Localization of noncovalently bound ethidium in free and methionyl-tRNA synthetase bound tRNAfMet by singlet-singlet energy transfer.

Ethidium binds tRNAfMet with 17-fold enhancement in the emission intensity at 600 nm. Fluorescence titration of tRNAfMet with ethidium indicates a single high-affinity site in tRNAfMet with a dissociation constant of 5 microM. Ethidium is apparently rigidly bound to tRNAfMet and effectively shielded from solvent. tRNAfMet(8-13), tRNAfMet(3'-Flc), and tRNAfMet(D-PF) with fluorophores at thiouridine, the 3'-terminus, and dihydrouridine, respectively, are prepared, and the singlet-singlet energy-transfer efficiencies between these fluorophores and noncovalently bound ethidium are determined. The transfer efficiency between bound ethidium and the fluorophore in tRNAfMet(8-13) determined by donor quenching and sensitized emission is the same, strongly suggesting that there is only one bound ethidium per tRNAfMet molecule.

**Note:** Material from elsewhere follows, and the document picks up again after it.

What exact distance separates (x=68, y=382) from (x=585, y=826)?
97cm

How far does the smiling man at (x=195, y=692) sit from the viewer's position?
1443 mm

The apparent distances between ethidium and various fluorophores including 3'-fluorescein, the 8-13 photo-cross-link, and D-proflavin are 41, 19, and 30 A, respectively, assuming random orientation between the donor and the acceptor. The results suggest that noncovalently bound ethidium is intercalated in the amino acid acceptor stem. In the complex of tRNAfMet and methionyl-tRNA synthetase, the transfer efficiencies for the tRNAfMet(8-13), tRNAfMet(3'-Flc), and tRNAfMet(D-PF) are reduced, enhanced, and little changed, respectively. These methionyl-tRNA synthetase induced changes suggest changes in the conformation of the 3'-terminal unpaired bases and the relative orientation or location between tRNAfMet and ethidium upon binding of methionyl-tRNA synthetase.